Log cabin: origin, styles, architecture and inspiration.
A dwelling made from logs. That's the simplest definition of a log cabin. Although the origins of log cabin structures are uncertain, their history date back to the Bronze Age in Europe and Scandinavia, where pine and spruce trees were readily available. Medieval log cabins were considered moveable property, and buildings were disassembled, transported to a new location and reassembled. In North America, the history of log cabins dates back to 1638, where the first log cabins were built by European settlers in the Delaware River and Brandywine River valleys of New Sweden. Settlers often used log cabins as temporary houses while building permanent homes, and when they were done, used the log cabins as outbuildings, barns or chicken coops. Traditional log cabins were simple one-story structures made with round logs laid horizontally on each other, and their gaps filled with chips and mud. Their roofs were made from either a purlin or rafter roof structure depending on the material used for the roof, such as bark. Log cabins are similar to wooden houses, but then soon after the settlers built the first log cabins in America, log construction spread all over the United States. Soon thereafter, log cabin styles increased in variety and today, the construction of modern log cabins are prevalent all over America. Log cabins also gave birth to log and wooden houses, and the oldest surviving log house, the C. A. Nothnagle Log House, is situated in New Jersey.
As times changed, so did the construction of log cabins. Because of the growing number of wood styles, each log cabin is unique, and its sophistication depends on how modern or traditional you want yours to be. To achieve the log cabin style you desire, you can choose either one or a combination of log designs styles to suit your needs. Here's a list of them.
The Square or rectangular log cabin design style is when the logs used for the cabin are cut with four square corners. These logs can be uniform in width and height or rectangular.
The Round log style gives log cabins a smooth finish. Round logs are cut in circles and have no angles or corners, and often use thru-bolts for support.

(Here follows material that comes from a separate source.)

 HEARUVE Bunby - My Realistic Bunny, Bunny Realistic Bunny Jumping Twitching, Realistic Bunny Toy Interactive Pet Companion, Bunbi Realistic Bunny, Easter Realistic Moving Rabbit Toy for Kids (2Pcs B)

The Swedish Cope log design is when logs are cut circular, with a crescent removed from the bottom of the log, so that each log can stack on one another.
The next style is the D-Log, where logs are cut with one round side and one flat side for consumers who desire one side of a log wall to have a flat surface while the other retains a rounded edge.
There's also the Handcrafted log style where the timbers are debarked by hand and each log retains its natural shape. Handcrafted log cabins are built so each log is in a precise location in the cabin, allowing for maximum stability while retaining a rustic look.
Next, we have the Interlocking Corners construction style. This is when wood is cut from the four sides of a log, recessing an area to lock into the intersecting log and hold both logs rigidly in place in all directions.
There's also the Dove Tail design, which is when a log’s end is cut to produce a fan-shaped wedge. As the logs are stacked, the ends of one wall’s logs lock into the perpendicular logs.
Next in line is the Butt & Pass log design, which is when one log stops where it meets a perpendicular log, which extends past the corner of the home.
Last but not least is the Corner Post design style, which is when a vertical post at each corner has a mortis.
Whether you're looking for a log cabin as a home, outbuilding or for leisure, knowing what styles are out there is important. That way, you get to make a more informed decision. Get the help of a professional architect who has worked on log cabins, and for thousands of images to inspire your choice, homify is what you need.
There's no denying that log cabins are charming, and whether you want to build or buy one, you need to know the pros and cons of owning one. We'll start with the positive news first.
If you're all about the looks,log cabins are as charming as they come, with different styles that will set yours apart from the rest. Wood is an insulator, which makes log cabins well insulated. Logs are less expensive than most building materials. Log cabins are simple structures, and you can buy a preformed one to assemble, making it DIY friendly. Log walls are natural sound insulators. The inside walls can be finished with wallboard to enable surfaces to be be papered or painted. Log cabins are the greener way to go when it comes to building materials.
And for the not so good news.
Termites, beetles, carpenter ants, woodpeckers, feed and make their homes in wood, which means your log cabin, depending on your location, would be prone to these.
When wood is new, it cracks and pops a lot, which could be irritating. Log cabins are also complicated to wire with electricity. Wood tends to shrink, so regular caulking is necessary. Log cabins have to be stained and sealed every 3-5 years, which is expensive.
As with every big decision, research is key, so before making a decision, do as much research as possible.